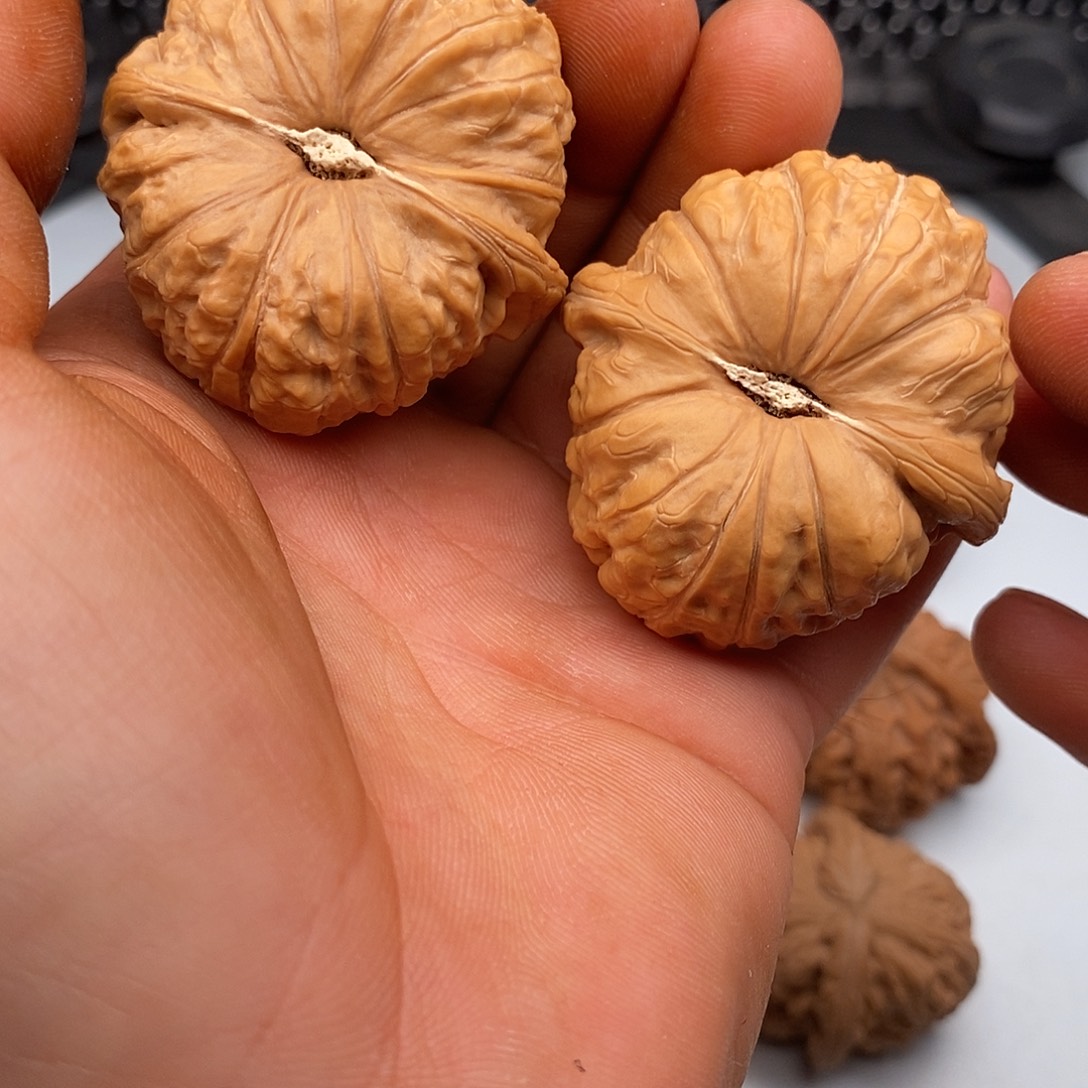 文玩核桃把件45南瓜墩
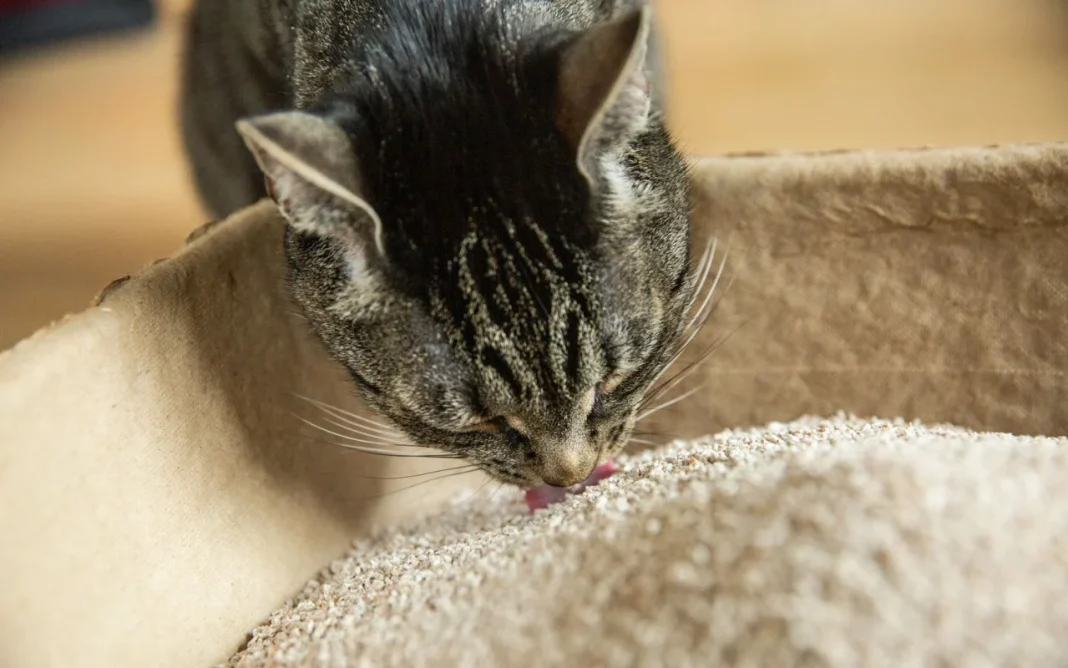 Why Is My Cat Eating Cat Litter? 10 Vet-Reviewed Reasons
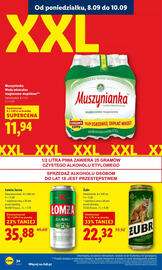 Lidl gazetka Strona 26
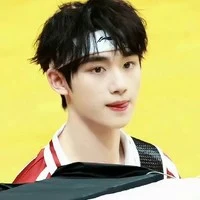 Đinh trình hâm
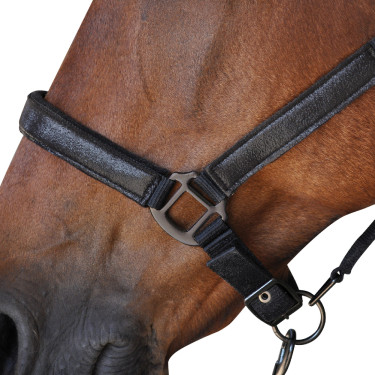 Halfter + Führstrick Canter Halfter + Führstrick Canter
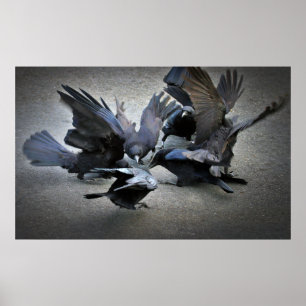 De Dans van de Krogen Poster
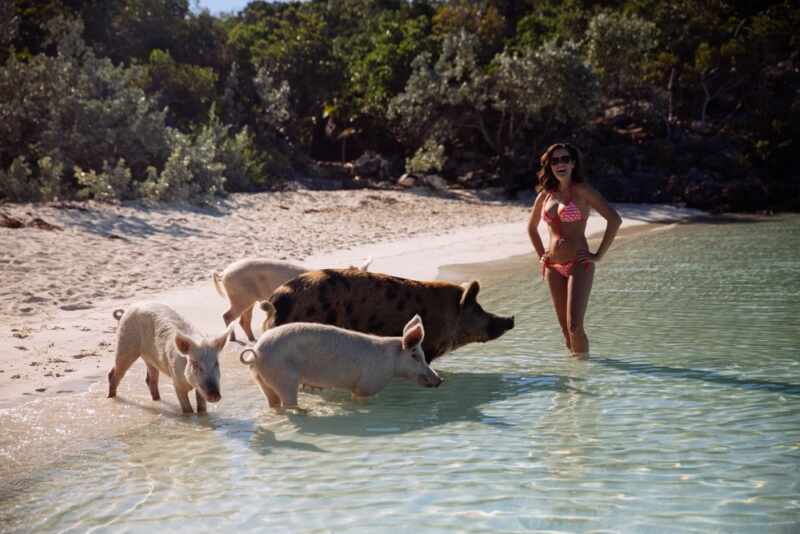 Swimming Pigs - Bahamas-19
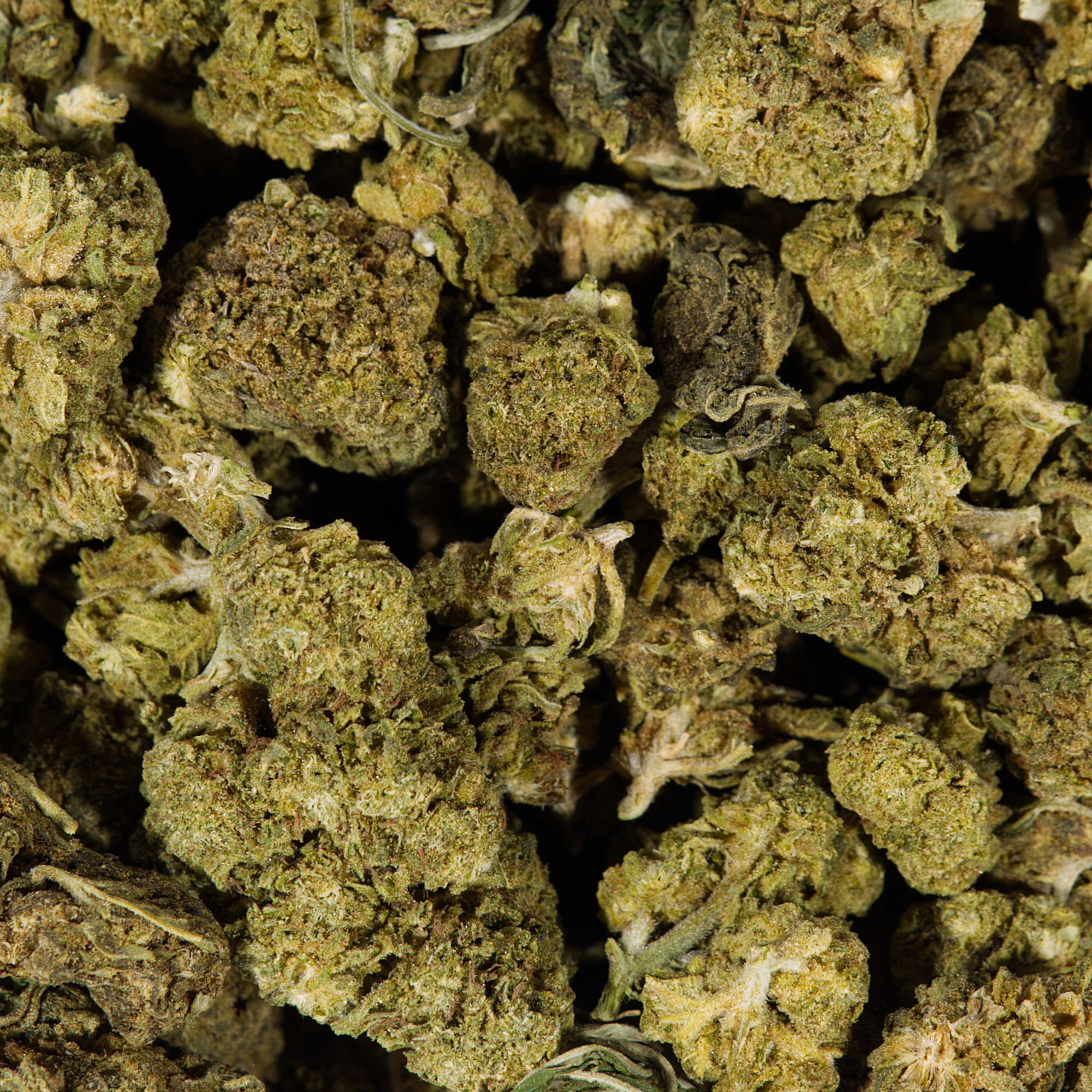 Cherry OG (AA) - Image 4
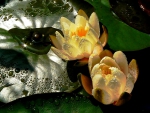 Yellow Water Lilies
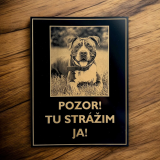 Vigyázz a kutya tábla saját fényképpel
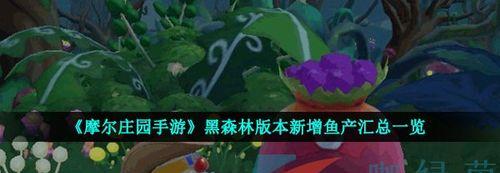 摩尔庄园手游720黑森林宝箱在哪里？神奇密码怎么找？-第2张图片-百团游戏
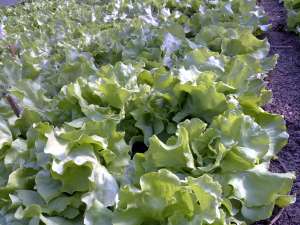 salata verde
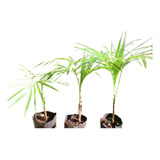 Palmera Açai Asai Euterpe Oleracea 60 Cm 3 Años Envios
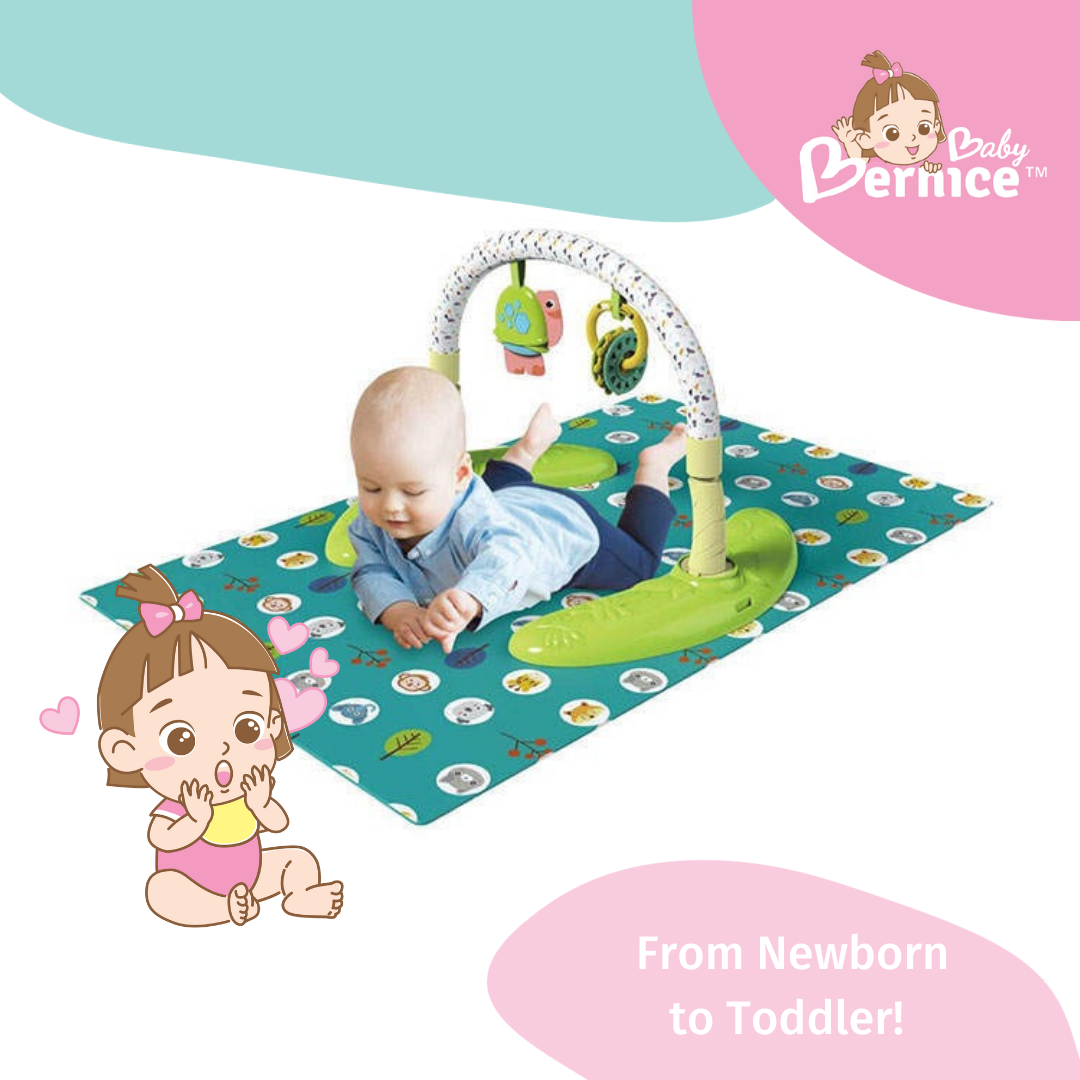 Baby View 3 in 1 Activity Centre From Newborn to Toddler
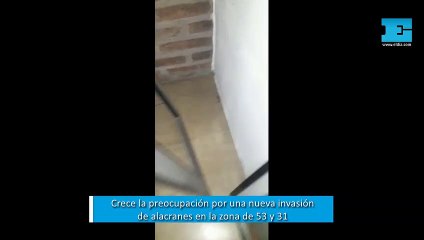 Crece la preocupación por una nueva invasión de alacranes en la zona de 53 y 31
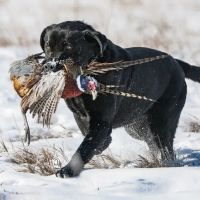 Wyoming Bird Hunting Irrigated Farm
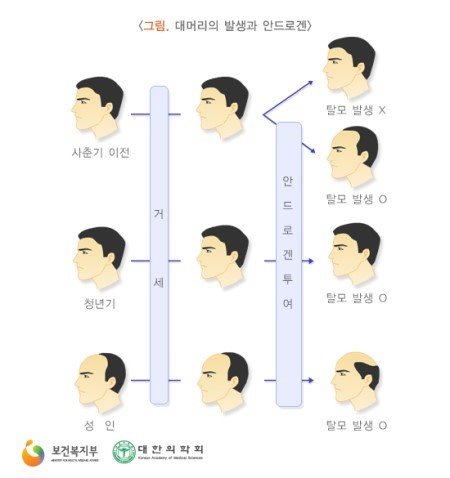 (주)리뉴메디 이미지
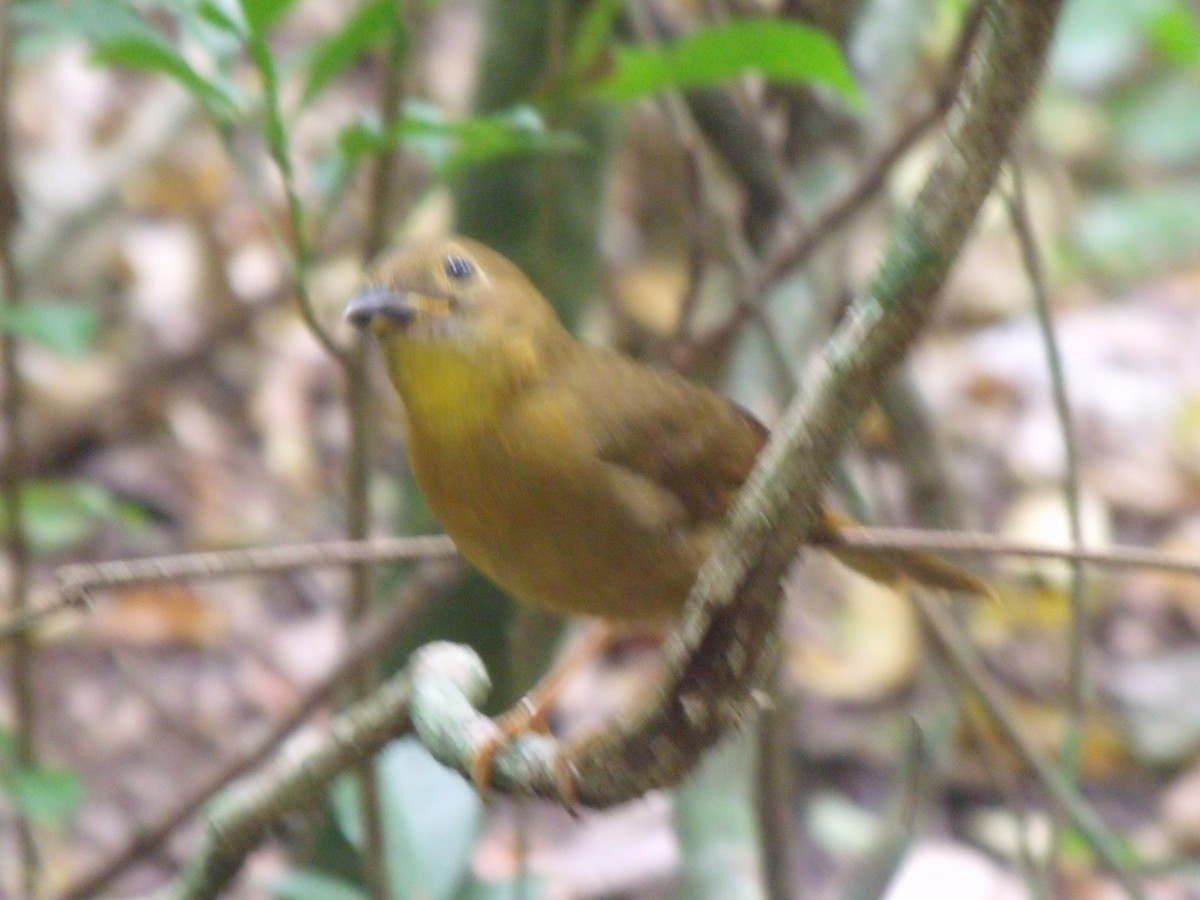 Red-throated Ant-Tanager - ML645922477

-*-*-

§ ASSIGNMENT:
Only the lines from the one that holds "Halfter + Führstrick Canter Halfter" through the final line of the material should be reproduced, word for word, with the pictures omitted.

§ ANSWER AREA:
 Halfter + Führstrick Canter Halfter + Führstrick Canter
 De Dans van de Krogen Poster
 Swimming Pigs - Bahamas-19
 Cherry OG (AA) - Image 4
 Yellow Water Lilies
 Vigyázz a kutya tábla saját fényképpel
 摩尔庄园手游720黑森林宝箱在哪里？神奇密码怎么找？-第2张图片-百团游戏
 salata verde
 Palmera Açai Asai Euterpe Oleracea 60 Cm 3 Años Envios
 Baby View 3 in 1 Activity Centre From Newborn to Toddler
 Crece la preocupación por una nueva invasión de alacranes en la zona de 53 y 31
 Wyoming Bird Hunting Irrigated Farm
 (주)리뉴메디 이미지
 Red-throated Ant-Tanager - ML645922477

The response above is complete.